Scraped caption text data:
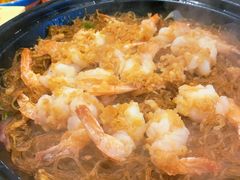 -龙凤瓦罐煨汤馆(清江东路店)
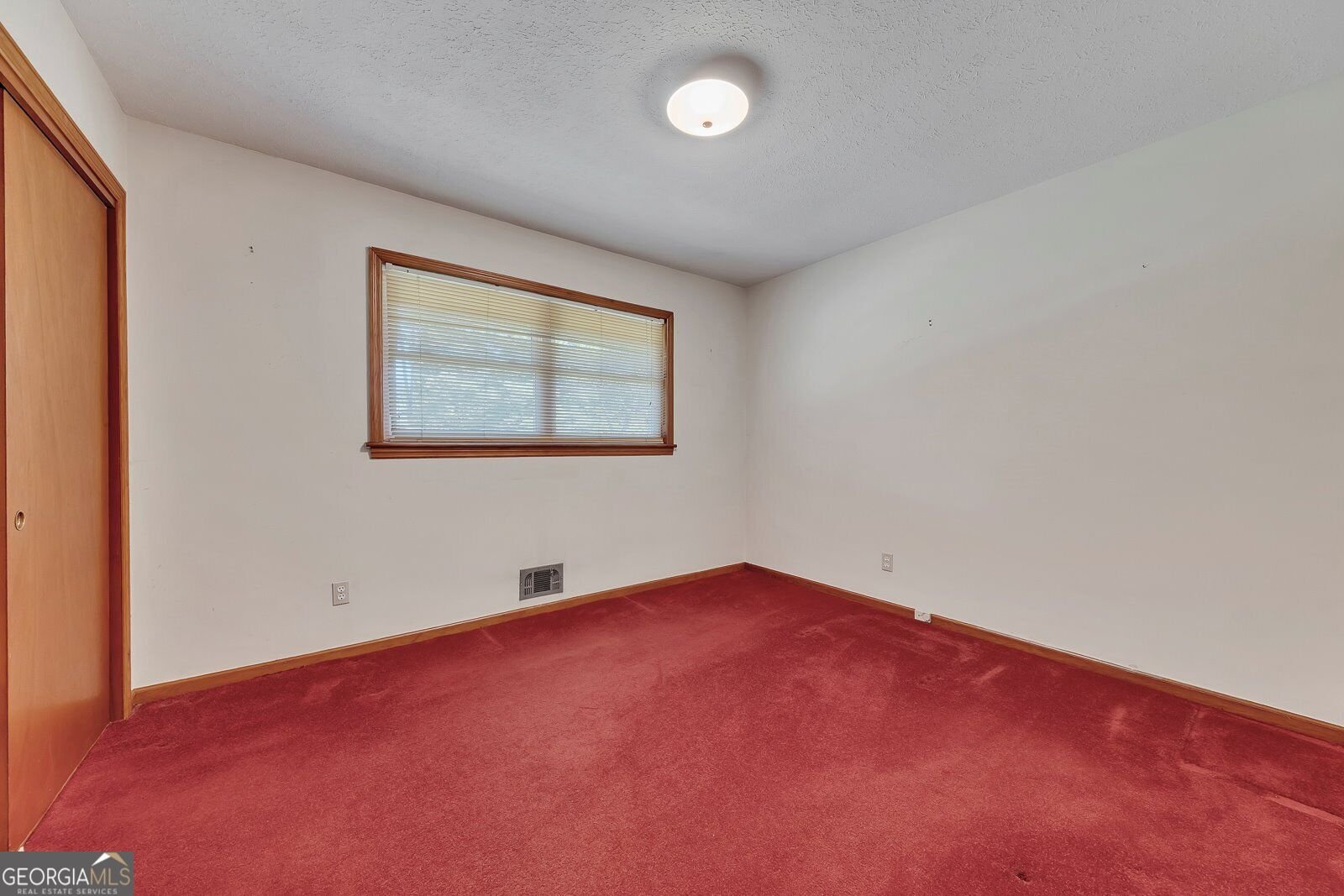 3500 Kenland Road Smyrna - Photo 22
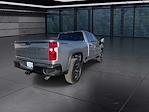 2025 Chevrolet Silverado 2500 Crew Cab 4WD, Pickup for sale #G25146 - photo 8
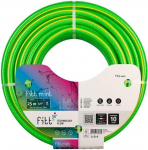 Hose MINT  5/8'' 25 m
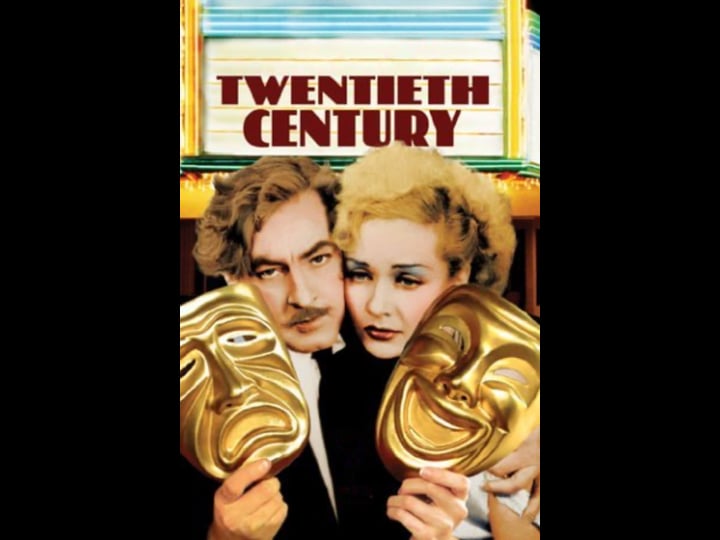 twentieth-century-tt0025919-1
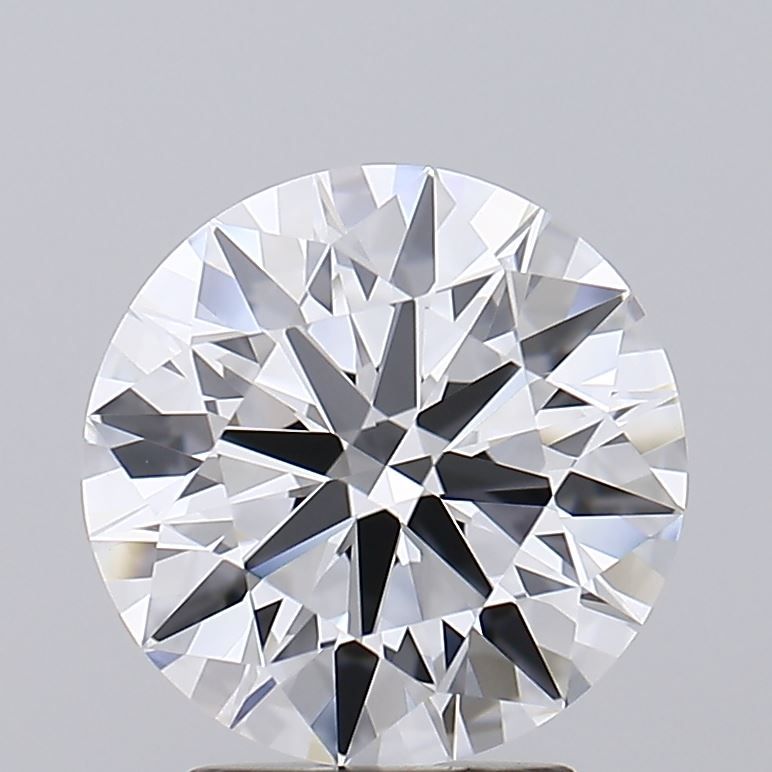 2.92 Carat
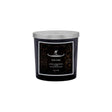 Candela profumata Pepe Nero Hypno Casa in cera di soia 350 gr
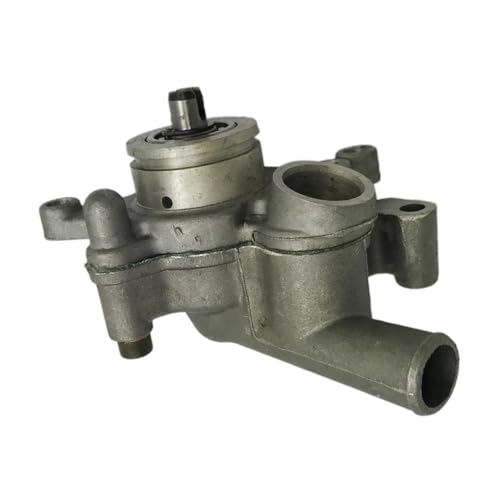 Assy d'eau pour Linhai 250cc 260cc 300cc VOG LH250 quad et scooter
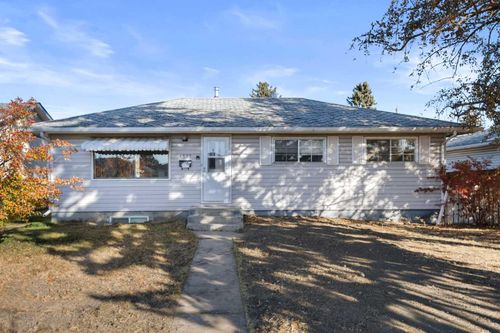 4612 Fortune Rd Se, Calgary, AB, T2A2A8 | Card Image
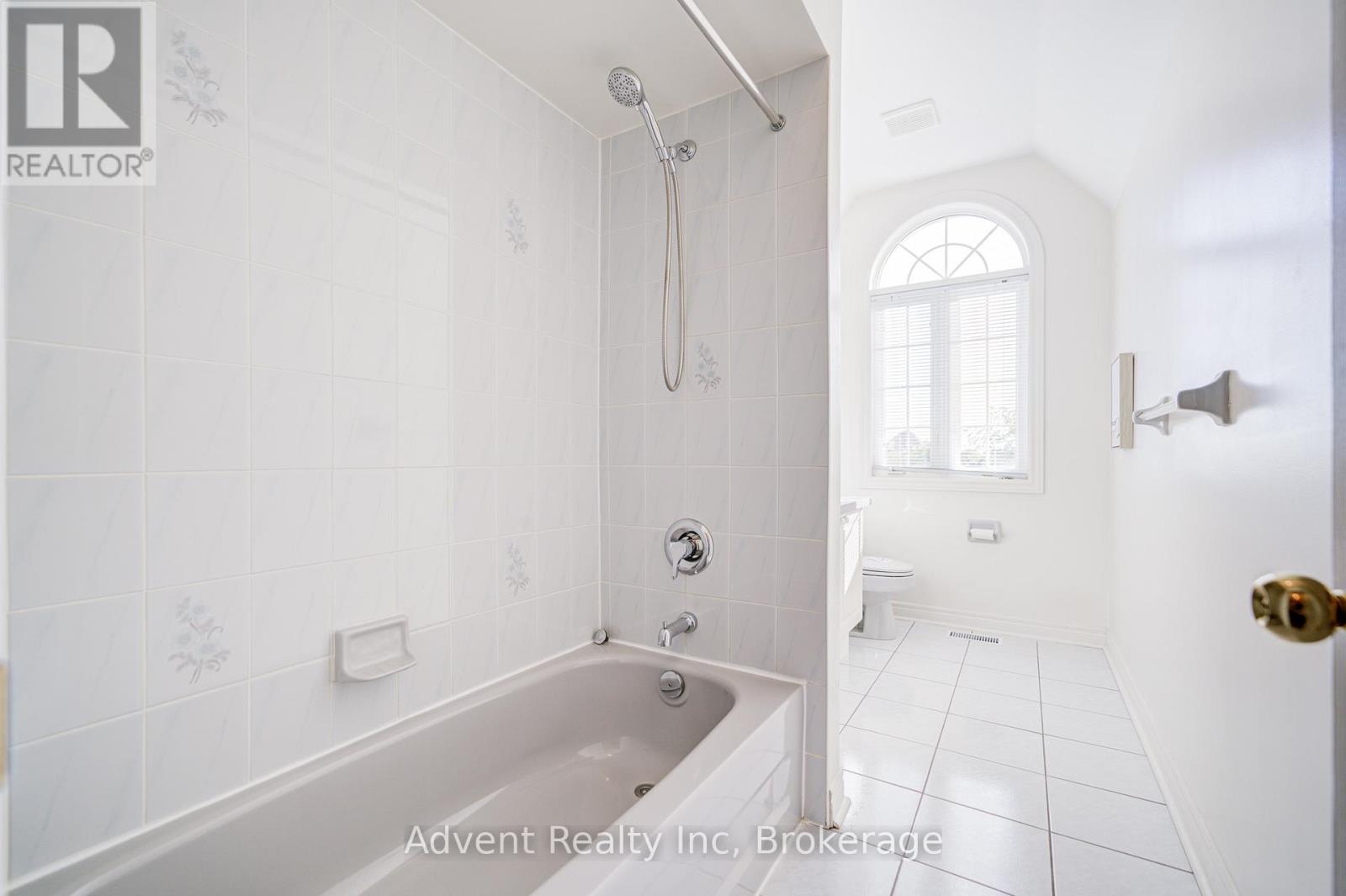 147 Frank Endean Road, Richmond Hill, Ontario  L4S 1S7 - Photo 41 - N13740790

* * *

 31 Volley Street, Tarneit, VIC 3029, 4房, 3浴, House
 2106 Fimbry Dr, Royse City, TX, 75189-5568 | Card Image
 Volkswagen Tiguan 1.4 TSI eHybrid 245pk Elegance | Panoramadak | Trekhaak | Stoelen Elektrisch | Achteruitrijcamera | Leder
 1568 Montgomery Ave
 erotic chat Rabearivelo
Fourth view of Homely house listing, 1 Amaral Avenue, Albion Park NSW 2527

> TASK ITEM
Give again the stretch of lines above from the one with "-龙凤瓦罐煨汤馆(清江东路店)" through the one with "Candela profumata Pepe", both ends kept, and copy no pictures.

> ANSWER SPACE
 -龙凤瓦罐煨汤馆(清江东路店)
 3500 Kenland Road Smyrna - Photo 22
 2025 Chevrolet Silverado 2500 Crew Cab 4WD, Pickup for sale #G25146 - photo 8
 Hose MINT  5/8'' 25 m
 twentieth-century-tt0025919-1
 2.92 Carat
 Candela profumata Pepe Nero Hypno Casa in cera di soia 350 gr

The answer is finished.